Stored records
-*-

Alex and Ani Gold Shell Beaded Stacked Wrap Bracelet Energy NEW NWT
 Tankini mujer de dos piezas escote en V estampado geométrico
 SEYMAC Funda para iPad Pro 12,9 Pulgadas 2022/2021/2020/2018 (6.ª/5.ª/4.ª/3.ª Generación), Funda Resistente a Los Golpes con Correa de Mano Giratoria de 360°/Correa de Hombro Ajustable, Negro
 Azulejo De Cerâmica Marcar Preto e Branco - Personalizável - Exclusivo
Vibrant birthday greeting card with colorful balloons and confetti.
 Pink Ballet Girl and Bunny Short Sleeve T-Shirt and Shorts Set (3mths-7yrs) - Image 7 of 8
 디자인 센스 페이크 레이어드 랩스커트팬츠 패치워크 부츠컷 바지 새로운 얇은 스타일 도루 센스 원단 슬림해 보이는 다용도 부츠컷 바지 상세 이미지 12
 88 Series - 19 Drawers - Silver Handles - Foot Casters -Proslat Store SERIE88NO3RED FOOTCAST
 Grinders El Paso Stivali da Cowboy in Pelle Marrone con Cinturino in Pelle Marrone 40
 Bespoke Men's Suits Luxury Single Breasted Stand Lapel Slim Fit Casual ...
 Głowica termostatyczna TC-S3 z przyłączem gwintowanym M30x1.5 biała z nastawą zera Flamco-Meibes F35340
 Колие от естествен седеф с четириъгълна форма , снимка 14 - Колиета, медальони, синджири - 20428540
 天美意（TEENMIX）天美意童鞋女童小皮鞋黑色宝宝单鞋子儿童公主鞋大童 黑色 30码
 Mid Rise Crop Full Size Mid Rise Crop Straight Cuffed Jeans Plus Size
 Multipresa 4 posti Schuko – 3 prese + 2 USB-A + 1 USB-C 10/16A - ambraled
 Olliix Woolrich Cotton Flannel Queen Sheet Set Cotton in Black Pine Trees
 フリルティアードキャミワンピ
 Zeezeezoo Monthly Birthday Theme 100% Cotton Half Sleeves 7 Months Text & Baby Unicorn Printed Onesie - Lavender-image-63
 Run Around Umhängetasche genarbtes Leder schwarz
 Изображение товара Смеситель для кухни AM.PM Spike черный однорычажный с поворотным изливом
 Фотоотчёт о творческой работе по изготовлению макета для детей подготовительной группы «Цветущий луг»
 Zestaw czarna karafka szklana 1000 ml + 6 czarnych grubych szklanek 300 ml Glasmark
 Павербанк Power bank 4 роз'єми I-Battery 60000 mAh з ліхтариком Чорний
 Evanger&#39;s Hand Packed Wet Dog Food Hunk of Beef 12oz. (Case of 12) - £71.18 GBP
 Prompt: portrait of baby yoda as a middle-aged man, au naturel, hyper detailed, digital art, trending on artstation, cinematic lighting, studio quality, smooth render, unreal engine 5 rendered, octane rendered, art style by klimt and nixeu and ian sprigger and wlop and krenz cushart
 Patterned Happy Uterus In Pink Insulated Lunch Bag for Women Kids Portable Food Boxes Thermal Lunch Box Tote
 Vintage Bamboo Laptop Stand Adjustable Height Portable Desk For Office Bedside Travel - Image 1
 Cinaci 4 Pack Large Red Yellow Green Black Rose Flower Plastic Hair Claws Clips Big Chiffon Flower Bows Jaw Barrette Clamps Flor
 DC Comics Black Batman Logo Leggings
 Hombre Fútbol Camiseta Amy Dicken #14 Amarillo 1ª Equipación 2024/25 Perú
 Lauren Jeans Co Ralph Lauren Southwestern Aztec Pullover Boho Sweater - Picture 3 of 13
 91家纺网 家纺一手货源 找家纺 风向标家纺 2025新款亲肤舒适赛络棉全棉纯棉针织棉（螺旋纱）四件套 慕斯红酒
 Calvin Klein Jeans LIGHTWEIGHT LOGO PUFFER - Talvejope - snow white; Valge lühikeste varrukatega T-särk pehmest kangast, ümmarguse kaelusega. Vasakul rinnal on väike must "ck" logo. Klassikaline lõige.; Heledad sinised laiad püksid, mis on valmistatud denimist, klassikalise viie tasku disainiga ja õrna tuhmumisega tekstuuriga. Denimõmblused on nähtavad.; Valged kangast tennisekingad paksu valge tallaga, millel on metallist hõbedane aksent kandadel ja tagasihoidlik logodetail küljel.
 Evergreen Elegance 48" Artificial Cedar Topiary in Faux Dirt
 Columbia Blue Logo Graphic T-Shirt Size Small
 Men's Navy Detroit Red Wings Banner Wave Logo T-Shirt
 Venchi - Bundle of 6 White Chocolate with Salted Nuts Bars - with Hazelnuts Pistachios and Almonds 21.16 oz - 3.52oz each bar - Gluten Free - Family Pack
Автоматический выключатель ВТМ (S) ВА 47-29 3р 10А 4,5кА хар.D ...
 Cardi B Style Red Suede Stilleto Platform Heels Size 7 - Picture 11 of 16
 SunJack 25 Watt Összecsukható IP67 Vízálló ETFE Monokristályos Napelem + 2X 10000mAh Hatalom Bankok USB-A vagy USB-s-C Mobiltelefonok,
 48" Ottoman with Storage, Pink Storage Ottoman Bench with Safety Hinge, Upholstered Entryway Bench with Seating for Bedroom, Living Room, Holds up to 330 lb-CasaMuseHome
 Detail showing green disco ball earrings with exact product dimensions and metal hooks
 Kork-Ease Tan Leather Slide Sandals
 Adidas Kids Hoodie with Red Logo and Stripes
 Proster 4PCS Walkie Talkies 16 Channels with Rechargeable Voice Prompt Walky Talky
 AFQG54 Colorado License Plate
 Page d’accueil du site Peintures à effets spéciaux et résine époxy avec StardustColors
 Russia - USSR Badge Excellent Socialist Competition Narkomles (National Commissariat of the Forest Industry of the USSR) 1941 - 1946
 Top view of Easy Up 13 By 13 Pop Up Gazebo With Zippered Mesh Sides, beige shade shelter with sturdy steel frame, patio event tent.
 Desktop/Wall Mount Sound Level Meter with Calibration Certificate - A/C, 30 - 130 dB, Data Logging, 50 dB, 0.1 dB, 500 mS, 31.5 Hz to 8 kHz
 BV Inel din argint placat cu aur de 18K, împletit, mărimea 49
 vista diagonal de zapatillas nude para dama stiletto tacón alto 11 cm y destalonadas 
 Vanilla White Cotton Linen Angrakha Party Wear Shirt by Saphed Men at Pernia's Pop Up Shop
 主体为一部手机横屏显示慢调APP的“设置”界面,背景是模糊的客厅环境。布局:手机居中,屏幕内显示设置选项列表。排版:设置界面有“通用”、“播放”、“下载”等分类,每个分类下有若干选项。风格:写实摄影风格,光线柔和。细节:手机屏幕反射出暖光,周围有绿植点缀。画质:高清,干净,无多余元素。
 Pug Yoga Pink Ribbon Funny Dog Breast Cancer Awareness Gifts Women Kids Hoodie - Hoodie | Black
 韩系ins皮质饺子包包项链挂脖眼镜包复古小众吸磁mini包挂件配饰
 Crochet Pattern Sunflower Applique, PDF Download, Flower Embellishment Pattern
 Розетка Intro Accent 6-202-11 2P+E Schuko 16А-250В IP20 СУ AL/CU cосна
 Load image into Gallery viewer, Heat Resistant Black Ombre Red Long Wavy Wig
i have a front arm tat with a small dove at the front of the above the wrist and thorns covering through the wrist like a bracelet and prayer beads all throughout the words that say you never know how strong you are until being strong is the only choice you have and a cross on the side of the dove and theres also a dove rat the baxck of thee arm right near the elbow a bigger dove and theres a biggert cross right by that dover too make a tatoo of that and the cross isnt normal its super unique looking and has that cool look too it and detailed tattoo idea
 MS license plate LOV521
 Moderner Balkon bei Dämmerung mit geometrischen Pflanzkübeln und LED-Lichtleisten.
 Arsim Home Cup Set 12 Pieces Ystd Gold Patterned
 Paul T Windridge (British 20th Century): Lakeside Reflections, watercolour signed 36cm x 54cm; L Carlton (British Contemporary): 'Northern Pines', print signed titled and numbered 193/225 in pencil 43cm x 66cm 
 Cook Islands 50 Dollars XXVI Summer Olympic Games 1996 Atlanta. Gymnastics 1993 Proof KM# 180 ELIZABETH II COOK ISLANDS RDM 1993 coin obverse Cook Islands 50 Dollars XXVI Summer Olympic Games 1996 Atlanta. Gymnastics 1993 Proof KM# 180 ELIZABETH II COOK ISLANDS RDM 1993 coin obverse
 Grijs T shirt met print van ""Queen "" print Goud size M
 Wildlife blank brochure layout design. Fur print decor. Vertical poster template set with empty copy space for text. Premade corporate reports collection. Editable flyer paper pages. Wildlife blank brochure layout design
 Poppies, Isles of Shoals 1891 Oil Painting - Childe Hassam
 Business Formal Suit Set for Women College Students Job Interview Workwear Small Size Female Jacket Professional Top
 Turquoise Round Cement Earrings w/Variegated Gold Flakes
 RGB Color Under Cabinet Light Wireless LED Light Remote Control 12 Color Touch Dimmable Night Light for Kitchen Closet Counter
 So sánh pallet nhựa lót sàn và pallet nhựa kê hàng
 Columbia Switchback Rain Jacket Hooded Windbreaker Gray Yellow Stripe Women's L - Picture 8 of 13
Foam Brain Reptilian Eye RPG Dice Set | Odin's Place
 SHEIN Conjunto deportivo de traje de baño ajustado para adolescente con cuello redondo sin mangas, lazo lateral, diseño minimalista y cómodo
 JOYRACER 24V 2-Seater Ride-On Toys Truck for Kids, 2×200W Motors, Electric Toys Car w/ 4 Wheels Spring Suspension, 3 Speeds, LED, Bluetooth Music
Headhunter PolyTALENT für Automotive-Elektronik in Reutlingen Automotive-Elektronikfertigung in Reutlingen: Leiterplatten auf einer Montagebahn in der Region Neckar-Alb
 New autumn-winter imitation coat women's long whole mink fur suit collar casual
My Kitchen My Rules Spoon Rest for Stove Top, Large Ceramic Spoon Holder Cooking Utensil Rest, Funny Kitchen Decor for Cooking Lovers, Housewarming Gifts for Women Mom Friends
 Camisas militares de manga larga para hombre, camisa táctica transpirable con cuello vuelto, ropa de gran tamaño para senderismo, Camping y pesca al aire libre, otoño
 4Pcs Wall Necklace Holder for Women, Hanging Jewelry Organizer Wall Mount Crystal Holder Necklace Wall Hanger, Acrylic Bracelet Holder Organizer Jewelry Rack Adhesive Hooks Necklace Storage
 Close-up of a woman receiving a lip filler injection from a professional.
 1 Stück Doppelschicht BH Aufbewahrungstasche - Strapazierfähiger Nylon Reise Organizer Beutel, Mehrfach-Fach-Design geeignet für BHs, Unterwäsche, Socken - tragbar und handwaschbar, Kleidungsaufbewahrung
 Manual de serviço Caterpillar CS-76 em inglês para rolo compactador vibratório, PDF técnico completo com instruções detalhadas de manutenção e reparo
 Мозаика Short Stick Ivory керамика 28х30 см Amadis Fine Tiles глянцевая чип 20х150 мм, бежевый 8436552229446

-*-

* Your objective *
Up to and including the line with "Tankini mujer de", output each line of the entries above exactly, starting from the first.

* Exercise response *
Alex and Ani Gold Shell Beaded Stacked Wrap Bracelet Energy NEW NWT
 Tankini mujer de dos piezas escote en V estampado geométrico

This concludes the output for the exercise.